→ **Exercise**
Return a verbatim reproduction of each line, starting at the line with "Leak paraprotetico na TAVI Wavesmed" and ending at the last line of the listing below.

→ **Raw data**
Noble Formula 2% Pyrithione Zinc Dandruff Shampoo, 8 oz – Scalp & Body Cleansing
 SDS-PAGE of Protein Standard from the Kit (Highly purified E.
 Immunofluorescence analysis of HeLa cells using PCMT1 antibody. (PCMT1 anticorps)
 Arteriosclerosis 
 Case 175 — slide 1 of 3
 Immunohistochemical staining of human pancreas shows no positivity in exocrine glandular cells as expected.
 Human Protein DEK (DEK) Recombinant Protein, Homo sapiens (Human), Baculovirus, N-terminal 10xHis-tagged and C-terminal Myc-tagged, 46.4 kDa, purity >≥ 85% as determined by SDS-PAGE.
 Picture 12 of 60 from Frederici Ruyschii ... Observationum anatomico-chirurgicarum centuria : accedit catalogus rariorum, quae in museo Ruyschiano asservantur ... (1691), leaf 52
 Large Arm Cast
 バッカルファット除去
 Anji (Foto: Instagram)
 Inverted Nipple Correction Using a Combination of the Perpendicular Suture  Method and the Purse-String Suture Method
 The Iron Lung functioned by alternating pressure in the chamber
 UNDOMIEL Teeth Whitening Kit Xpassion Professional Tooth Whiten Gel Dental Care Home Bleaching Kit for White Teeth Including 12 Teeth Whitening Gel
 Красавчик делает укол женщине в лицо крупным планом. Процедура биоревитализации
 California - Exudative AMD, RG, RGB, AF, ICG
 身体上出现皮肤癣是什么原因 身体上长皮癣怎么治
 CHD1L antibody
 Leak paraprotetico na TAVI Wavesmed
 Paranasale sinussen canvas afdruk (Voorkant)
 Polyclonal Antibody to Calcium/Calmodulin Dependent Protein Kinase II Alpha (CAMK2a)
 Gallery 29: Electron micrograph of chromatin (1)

→ **Response for this exercise**
 Leak paraprotetico na TAVI Wavesmed
 Paranasale sinussen canvas afdruk (Voorkant)
 Polyclonal Antibody to Calcium/Calmodulin Dependent Protein Kinase II Alpha (CAMK2a)
 Gallery 29: Electron micrograph of chromatin (1)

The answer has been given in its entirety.